▸ MATERIAL PROVIDED
------------------------------
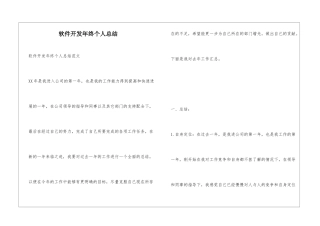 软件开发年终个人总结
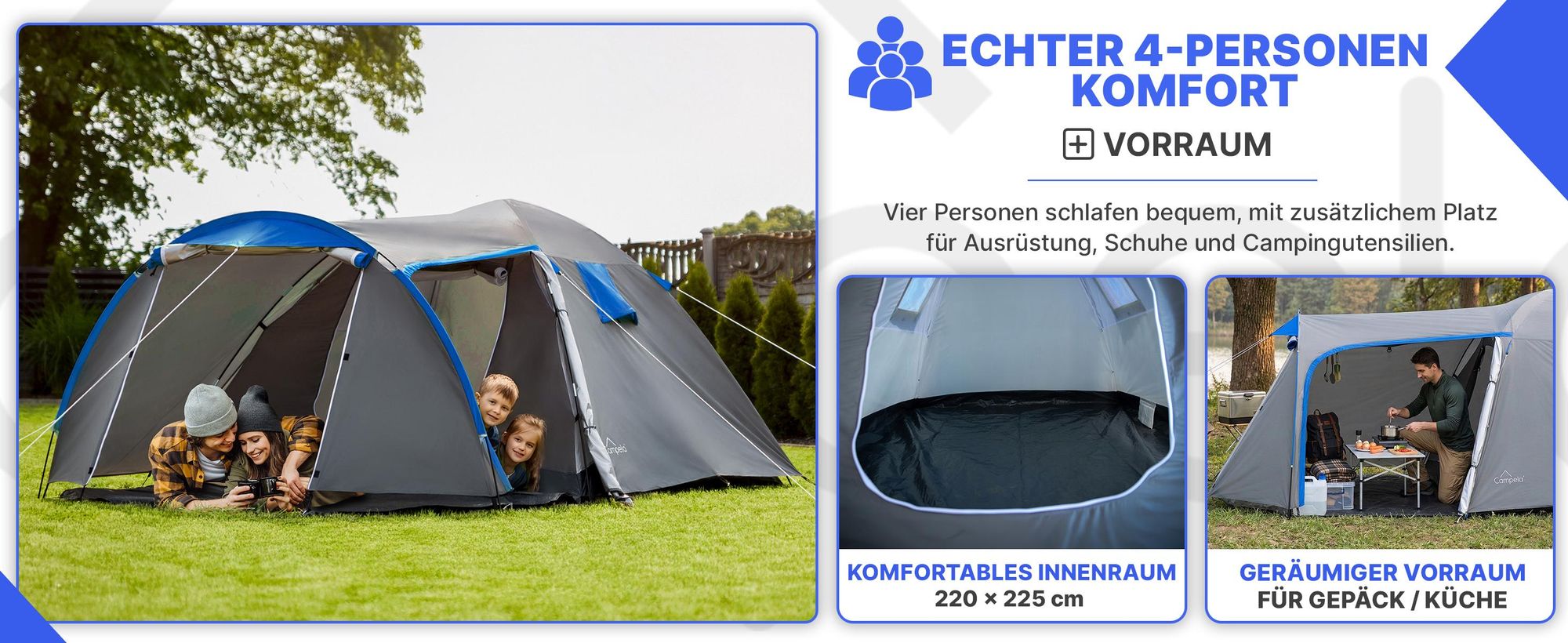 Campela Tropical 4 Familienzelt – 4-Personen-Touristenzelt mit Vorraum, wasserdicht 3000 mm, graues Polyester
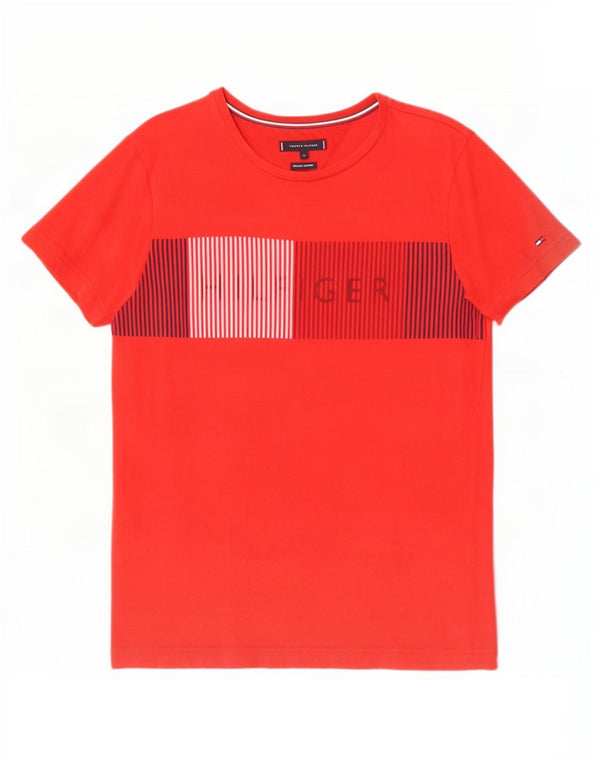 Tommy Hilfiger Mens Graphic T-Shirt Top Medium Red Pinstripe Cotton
------------------------------
▸ EXERCISE
The result should be an exact copy of the material, containing no pictures.

▸ TASK ANSWER
 软件开发年终个人总结
 Campela Tropical 4 Familienzelt – 4-Personen-Touristenzelt mit Vorraum, wasserdicht 3000 mm, graues Polyester
 Tommy Hilfiger Mens Graphic T-Shirt Top Medium Red Pinstripe Cotton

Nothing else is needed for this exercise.